Para pasear, vagabundear e inspirarse, a nosotros se nos antoja la ciudad perfecta, de dimensiones humanas. No encontrarás aeropuertos ni metro que te lleve hasta al centro; aunque sí la opción de ir caminando desde la estación hasta la plaza de las Tendillas, el centro comercial de la ciudad, a solo un kilómetro.
Y el casco histórico es de tales dimensiones que únicamente querrás salir de él para disfrutar de las últimas propuestas culinarias abiertas lejos de los costosos alquileres del casco antiguo.
Desde la estación de tren hasta nuestro hotel hemos llegado haciendo un ejercicio: tomarle el pulso vital a la ciudad.
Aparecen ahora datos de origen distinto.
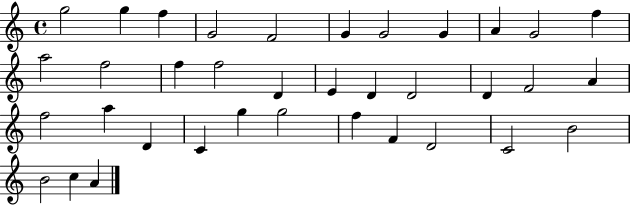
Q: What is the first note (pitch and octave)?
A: G5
Alrededor de las calles colindantes a la bulliciosa plaza de las Tendillas –donde nos alojaremos en el H10 Palacio de Colomera, un antiguo palacete restaurado– los comercios, las terrazas y las tabernas están repletas de gente.
Nosotros no nos hemos podido resistir a detenernos en una de ellas, ni a tomar un delicioso helado de choco-negro y dulce de leche en la heladería La Flor de Levante.
Nuestra visita, según nos informan al llegar al hotel, coincide con el Festival Flora, que crea instalaciones orales de artistas internacionales por todos los rincones.
El patio –que en Córdoba es carta de presentación– del H10 Palacio de Colomera presume de una pequeña alberca para refrescarse que, aunque poco profunda, cumple sobradamente su función. Rodeada de tumbonas, a ella se accede a través de un atrio bañado de luz natural donde se sirven los desayunos.
Pero ninguno de los espacios hace sombra a la terraza, desde la que no perder detalle de la plaza de las Tendillas al caer el sol. La escultura de un joven desnudo sentado sobre el ave fénix en el edificio de enfrente nos tiene embelesados. E incluso puede verse el perfil de la gran Mezquita mientras tomamos un cóctel y picamos algo.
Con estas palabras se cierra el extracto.